Os fungos modernos formam parcerias simbióticas com a maioria das plantas, fornecendo nutrientes em troca de carboidratos. Essas relações antigas, chamadas de micorrizas, podem remontar a alguns dos primeiros organismos vivos na superfície terrestre. Muito antes do aparecimento de plantas complexas, os fungos podem ter ajudado algas e plantas primitivas a se adaptarem às condições terrestres, enquanto obtinham novas fontes de energia em troca. “Se aceitarmos que os fungos foram cruciais para ajudar as plantas a colonizar a Terra, nossa teoria é que essa parceria pode ter começado muito mais cedo do que se pensava, em ambientes semelhantes às crostas biológicas do solo ou às matrizes microbianas que ainda existem hoje,” disse Ocaña, que está vinculado ao Centro de eHealth da UOC e ao Centro UOC-TECH.
Reimaginando uma Terra outrora “vazia”
A visão tradicional da Terra primitiva retrata um planeta estéril até a chegada das plantas há cerca de 500 milhões de anos.
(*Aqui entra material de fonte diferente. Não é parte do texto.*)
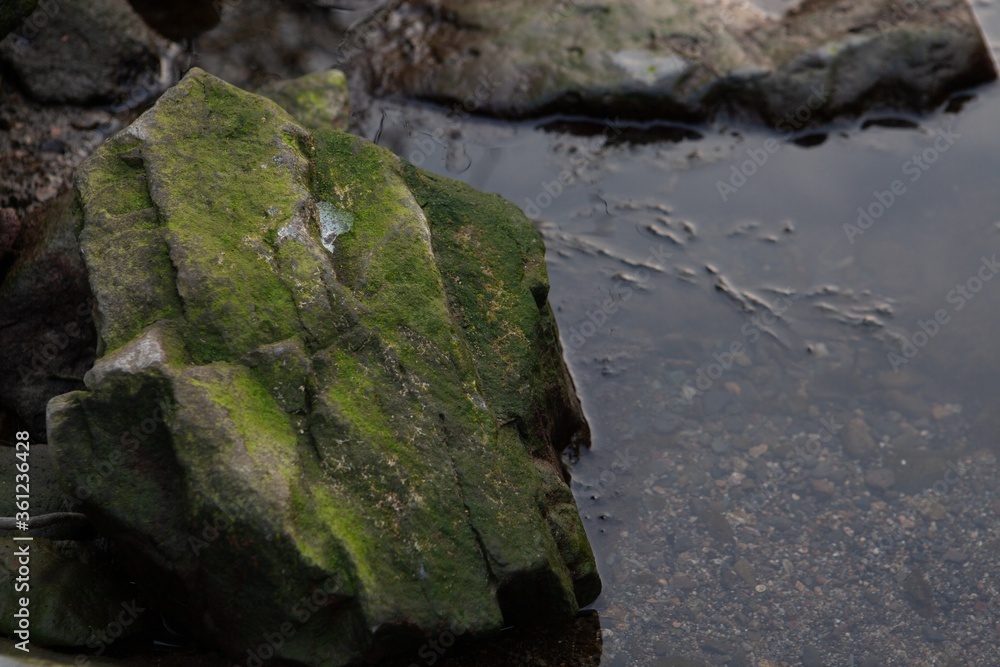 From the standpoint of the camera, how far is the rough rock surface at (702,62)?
6898 millimetres

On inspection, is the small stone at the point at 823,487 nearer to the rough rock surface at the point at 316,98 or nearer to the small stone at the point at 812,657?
the small stone at the point at 812,657

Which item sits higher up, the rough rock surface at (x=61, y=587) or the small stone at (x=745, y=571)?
the rough rock surface at (x=61, y=587)

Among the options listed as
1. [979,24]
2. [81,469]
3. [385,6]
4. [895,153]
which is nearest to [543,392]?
[81,469]

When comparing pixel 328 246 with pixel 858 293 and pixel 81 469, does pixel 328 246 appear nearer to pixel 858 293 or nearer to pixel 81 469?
pixel 81 469

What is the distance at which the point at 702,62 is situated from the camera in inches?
273

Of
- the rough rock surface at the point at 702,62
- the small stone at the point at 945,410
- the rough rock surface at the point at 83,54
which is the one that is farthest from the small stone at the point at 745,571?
the rough rock surface at the point at 83,54

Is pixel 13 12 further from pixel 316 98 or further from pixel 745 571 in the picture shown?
pixel 745 571

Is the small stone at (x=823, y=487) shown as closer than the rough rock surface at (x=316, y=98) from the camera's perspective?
Yes

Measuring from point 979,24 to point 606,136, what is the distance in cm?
312

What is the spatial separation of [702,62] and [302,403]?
457 centimetres

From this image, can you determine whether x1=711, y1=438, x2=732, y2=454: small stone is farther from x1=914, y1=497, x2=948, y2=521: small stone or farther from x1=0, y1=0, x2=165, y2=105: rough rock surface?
x1=0, y1=0, x2=165, y2=105: rough rock surface

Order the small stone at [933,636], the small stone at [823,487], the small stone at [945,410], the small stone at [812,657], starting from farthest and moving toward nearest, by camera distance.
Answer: the small stone at [945,410] → the small stone at [823,487] → the small stone at [933,636] → the small stone at [812,657]

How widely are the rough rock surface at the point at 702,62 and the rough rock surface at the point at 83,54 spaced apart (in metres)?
1.68

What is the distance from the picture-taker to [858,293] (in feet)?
19.7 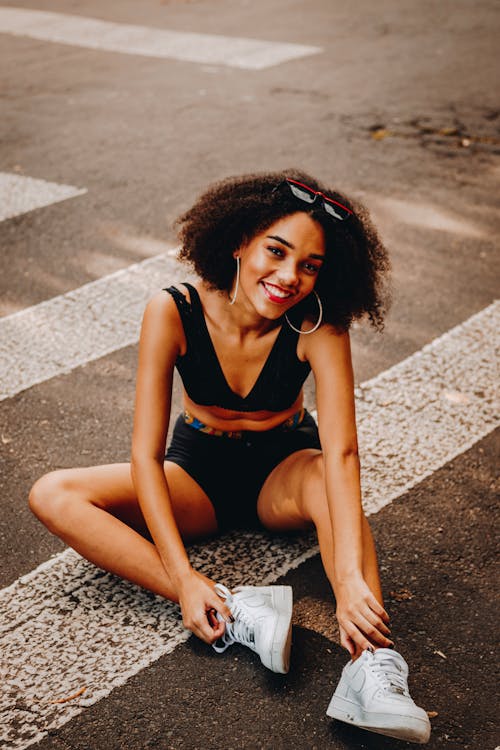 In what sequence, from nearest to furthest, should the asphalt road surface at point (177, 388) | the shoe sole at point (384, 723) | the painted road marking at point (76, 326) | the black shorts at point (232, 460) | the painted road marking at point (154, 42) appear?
1. the shoe sole at point (384, 723)
2. the asphalt road surface at point (177, 388)
3. the black shorts at point (232, 460)
4. the painted road marking at point (76, 326)
5. the painted road marking at point (154, 42)

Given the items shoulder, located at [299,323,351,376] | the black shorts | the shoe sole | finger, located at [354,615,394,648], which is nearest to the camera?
the shoe sole

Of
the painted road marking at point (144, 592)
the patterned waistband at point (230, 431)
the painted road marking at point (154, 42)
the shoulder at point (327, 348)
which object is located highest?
the shoulder at point (327, 348)

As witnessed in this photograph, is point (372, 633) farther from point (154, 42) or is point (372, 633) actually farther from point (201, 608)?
point (154, 42)

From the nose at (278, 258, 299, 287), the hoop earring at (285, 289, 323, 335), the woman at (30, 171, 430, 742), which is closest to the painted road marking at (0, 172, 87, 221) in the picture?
the woman at (30, 171, 430, 742)

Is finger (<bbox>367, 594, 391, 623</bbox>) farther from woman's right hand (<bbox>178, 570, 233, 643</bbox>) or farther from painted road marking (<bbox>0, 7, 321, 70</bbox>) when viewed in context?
painted road marking (<bbox>0, 7, 321, 70</bbox>)

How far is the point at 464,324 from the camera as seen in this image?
4836mm

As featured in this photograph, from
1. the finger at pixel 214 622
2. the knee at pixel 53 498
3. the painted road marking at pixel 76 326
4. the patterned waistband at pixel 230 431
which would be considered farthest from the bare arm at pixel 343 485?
the painted road marking at pixel 76 326

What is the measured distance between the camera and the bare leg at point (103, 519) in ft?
9.34

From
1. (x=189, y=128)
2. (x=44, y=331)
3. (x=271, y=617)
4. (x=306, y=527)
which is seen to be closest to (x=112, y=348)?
(x=44, y=331)

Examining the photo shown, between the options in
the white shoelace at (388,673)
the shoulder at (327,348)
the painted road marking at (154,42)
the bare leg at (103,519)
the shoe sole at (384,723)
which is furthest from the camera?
the painted road marking at (154,42)

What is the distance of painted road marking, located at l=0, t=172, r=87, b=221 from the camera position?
6.19m

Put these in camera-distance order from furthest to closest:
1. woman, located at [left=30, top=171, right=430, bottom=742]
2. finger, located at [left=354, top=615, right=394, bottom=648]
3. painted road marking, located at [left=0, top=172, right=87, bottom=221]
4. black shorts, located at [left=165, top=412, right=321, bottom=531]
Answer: painted road marking, located at [left=0, top=172, right=87, bottom=221], black shorts, located at [left=165, top=412, right=321, bottom=531], woman, located at [left=30, top=171, right=430, bottom=742], finger, located at [left=354, top=615, right=394, bottom=648]

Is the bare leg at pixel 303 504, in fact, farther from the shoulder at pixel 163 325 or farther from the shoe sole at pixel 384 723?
the shoulder at pixel 163 325

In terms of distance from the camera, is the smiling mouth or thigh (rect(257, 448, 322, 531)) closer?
the smiling mouth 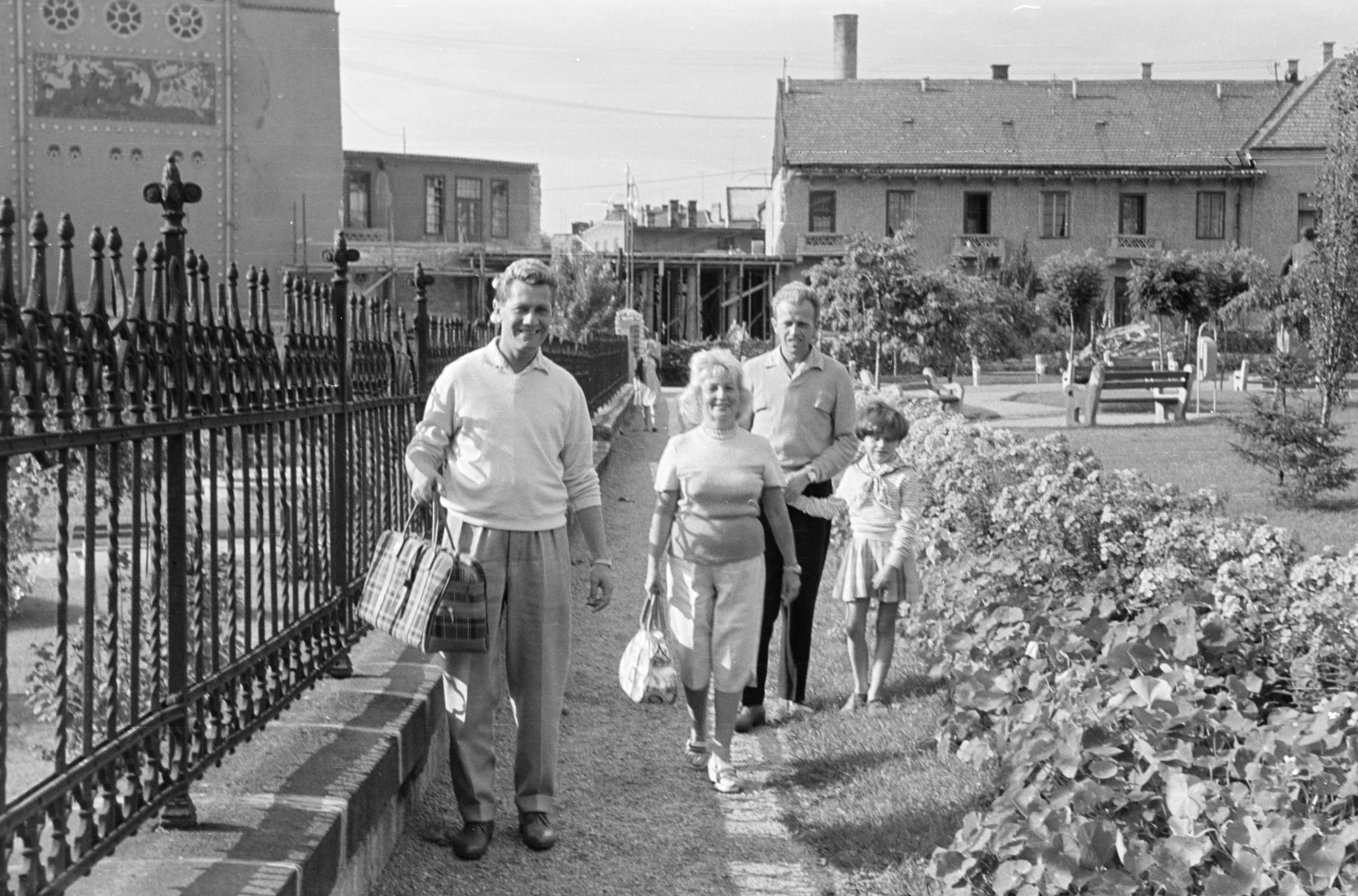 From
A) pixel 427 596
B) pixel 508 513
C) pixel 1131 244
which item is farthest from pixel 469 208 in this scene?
pixel 427 596

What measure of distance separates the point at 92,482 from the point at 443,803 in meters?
2.87

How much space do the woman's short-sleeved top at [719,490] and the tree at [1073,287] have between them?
3858 centimetres

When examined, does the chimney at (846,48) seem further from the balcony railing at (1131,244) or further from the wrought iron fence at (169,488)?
the wrought iron fence at (169,488)

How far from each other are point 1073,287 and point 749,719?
40.1 m

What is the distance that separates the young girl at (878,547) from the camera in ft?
23.0

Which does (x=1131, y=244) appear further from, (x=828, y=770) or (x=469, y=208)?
(x=828, y=770)

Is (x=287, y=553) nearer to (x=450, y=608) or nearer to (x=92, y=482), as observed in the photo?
(x=450, y=608)

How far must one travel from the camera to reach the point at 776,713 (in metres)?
7.11

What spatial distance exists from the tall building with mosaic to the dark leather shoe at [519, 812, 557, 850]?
37103 millimetres

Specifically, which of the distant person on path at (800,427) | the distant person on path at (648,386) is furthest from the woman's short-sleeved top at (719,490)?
the distant person on path at (648,386)

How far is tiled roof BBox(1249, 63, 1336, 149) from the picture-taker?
54.6 metres

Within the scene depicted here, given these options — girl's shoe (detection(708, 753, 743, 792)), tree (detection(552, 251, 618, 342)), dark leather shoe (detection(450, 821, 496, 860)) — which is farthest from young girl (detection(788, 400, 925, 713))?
tree (detection(552, 251, 618, 342))

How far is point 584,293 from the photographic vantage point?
4672 centimetres

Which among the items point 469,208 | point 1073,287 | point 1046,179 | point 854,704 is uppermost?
point 1046,179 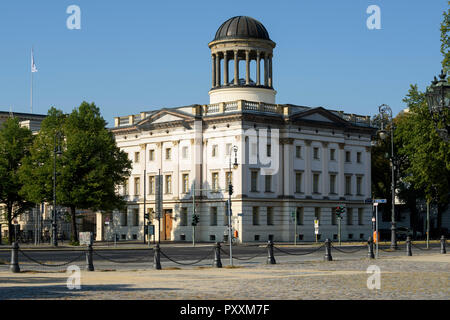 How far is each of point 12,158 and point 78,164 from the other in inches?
408

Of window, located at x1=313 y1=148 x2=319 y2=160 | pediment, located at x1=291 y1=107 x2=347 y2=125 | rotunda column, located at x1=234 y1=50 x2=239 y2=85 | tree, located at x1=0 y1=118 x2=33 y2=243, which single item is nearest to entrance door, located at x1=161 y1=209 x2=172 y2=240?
tree, located at x1=0 y1=118 x2=33 y2=243

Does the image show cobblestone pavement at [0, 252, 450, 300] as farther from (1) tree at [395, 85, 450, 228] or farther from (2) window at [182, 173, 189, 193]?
(2) window at [182, 173, 189, 193]

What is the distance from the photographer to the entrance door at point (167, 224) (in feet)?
288

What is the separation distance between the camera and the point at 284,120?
8362cm

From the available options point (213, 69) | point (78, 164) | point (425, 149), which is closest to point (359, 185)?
point (213, 69)

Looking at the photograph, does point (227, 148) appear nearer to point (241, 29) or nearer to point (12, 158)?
point (241, 29)

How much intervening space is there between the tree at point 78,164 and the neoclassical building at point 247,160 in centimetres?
859

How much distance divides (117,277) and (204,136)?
2297 inches

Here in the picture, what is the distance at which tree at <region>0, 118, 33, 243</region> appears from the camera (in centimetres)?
7756

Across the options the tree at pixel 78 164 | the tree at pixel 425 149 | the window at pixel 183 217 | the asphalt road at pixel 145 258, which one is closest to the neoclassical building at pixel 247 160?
the window at pixel 183 217

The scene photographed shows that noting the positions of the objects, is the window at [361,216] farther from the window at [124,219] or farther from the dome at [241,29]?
the window at [124,219]

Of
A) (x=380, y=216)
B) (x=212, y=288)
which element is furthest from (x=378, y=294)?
(x=380, y=216)

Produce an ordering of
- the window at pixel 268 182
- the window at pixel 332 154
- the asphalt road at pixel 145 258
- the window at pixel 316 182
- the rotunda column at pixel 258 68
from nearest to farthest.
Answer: the asphalt road at pixel 145 258 → the window at pixel 268 182 → the rotunda column at pixel 258 68 → the window at pixel 316 182 → the window at pixel 332 154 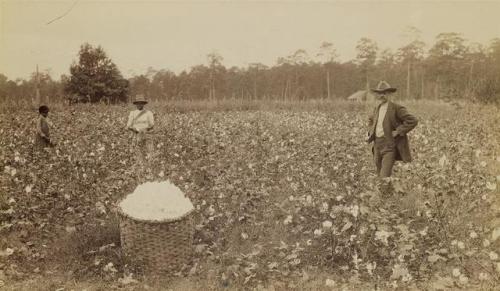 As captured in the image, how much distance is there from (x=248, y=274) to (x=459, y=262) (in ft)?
5.68

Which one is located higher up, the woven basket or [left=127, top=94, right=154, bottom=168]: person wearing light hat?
[left=127, top=94, right=154, bottom=168]: person wearing light hat

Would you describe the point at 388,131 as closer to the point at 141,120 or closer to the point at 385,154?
the point at 385,154

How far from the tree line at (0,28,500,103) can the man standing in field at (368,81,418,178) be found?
68.6 inches

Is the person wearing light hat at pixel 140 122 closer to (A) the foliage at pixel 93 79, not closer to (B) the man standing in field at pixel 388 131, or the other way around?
(B) the man standing in field at pixel 388 131

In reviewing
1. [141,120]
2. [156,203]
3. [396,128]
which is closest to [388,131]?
[396,128]

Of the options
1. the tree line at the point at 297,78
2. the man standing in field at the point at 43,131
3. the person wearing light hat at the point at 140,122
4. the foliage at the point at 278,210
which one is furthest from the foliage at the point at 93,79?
the person wearing light hat at the point at 140,122

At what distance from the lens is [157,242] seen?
13.1ft

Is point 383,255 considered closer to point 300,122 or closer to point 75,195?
point 75,195

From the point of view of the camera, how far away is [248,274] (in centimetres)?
391

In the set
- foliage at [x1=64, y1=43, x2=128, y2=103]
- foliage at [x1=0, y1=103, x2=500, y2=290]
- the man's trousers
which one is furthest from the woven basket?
foliage at [x1=64, y1=43, x2=128, y2=103]

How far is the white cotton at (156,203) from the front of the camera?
158 inches

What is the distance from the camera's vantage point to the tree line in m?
14.6

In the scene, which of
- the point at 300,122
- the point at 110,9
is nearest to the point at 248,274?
the point at 110,9

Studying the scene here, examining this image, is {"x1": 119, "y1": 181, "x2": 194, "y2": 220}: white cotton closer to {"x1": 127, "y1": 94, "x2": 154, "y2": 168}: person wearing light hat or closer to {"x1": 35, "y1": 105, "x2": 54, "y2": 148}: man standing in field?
{"x1": 127, "y1": 94, "x2": 154, "y2": 168}: person wearing light hat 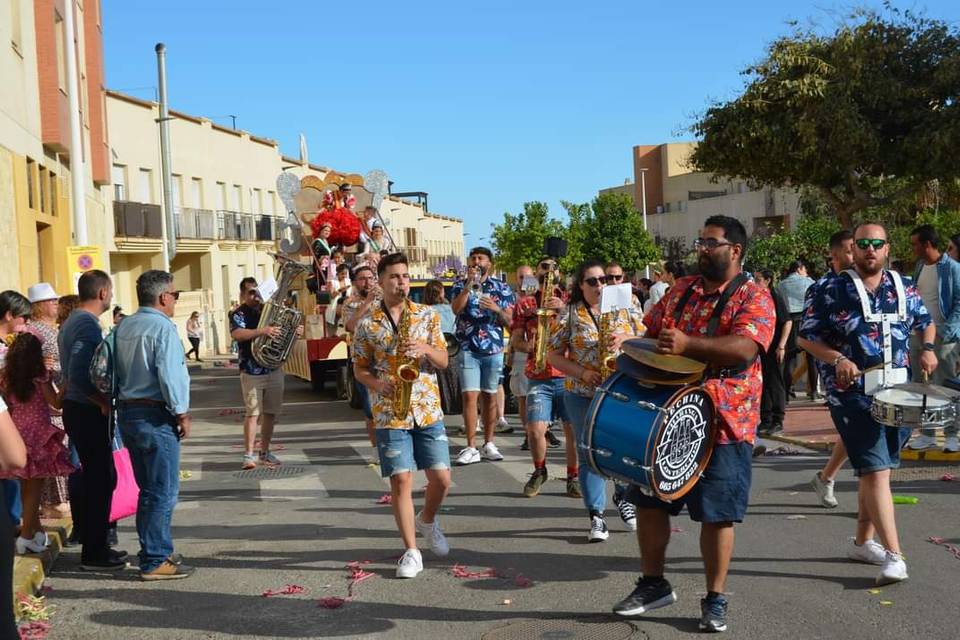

Este estudo desafia essa ideia. As novas evidências sugerem que os fungos já estavam ativos há centenas de milhões de anos, interagindo com formas de vida iniciais e transformando a paisagem. Ao degradar minerais, liberar nutrientes e ajudar a formar os primeiros solos, esses antigos fungos desempenharam um papel fundamental em tornar a Terra um lugar mais acolhedor para a vida futura.
Essa descoberta, que dependia de estreita colaboração entre especialistas em evolução, paleontologia e biologia molecular, também destaca a importância da inovação interdisciplinar. “A ideia surgiu de uma ferramenta inovadora desenvolvida pelo grupo húngaro do Dr. Gergely J. Szöllősi, do qual eu fazia parte durante minha pesquisa de pós-doutorado. Esses achados não teriam sido possíveis sem essa colaboração ou as contribuições de pesquisadores da Hungria, Inglaterra, Japão e Catalunha,” afirmou Ocaña.
Novos caminhos para a pesquisa
A equipe agora espera aplicar sua abordagem a outros ramos da vida complexa para aprimorar nossa compreensão da evolução como um todo. “Os fungos foram um grande objeto de estudo, pois a escassez de registros fósseis significava que nossa abordagem proporcionou um valor significativo. O próximo desafio é estender essas técnicas a todos os eucariotos para desenvolver um relógio molecular muito mais preciso para toda a vida complexa,” disse Ocaña.
A pesquisa de Ocaña como bolsista de pós-doutorado Junior Leader, apoiada pela Fundação “la Caixa”, faz parte das iniciativas mais amplas da UOC em sustentabilidade digital, bem-estar planetário e inovação em saúde, contribuindo para os Objetivos de Desenvolvimento Sustentável da ONU (ODS 15: Vida em Terra).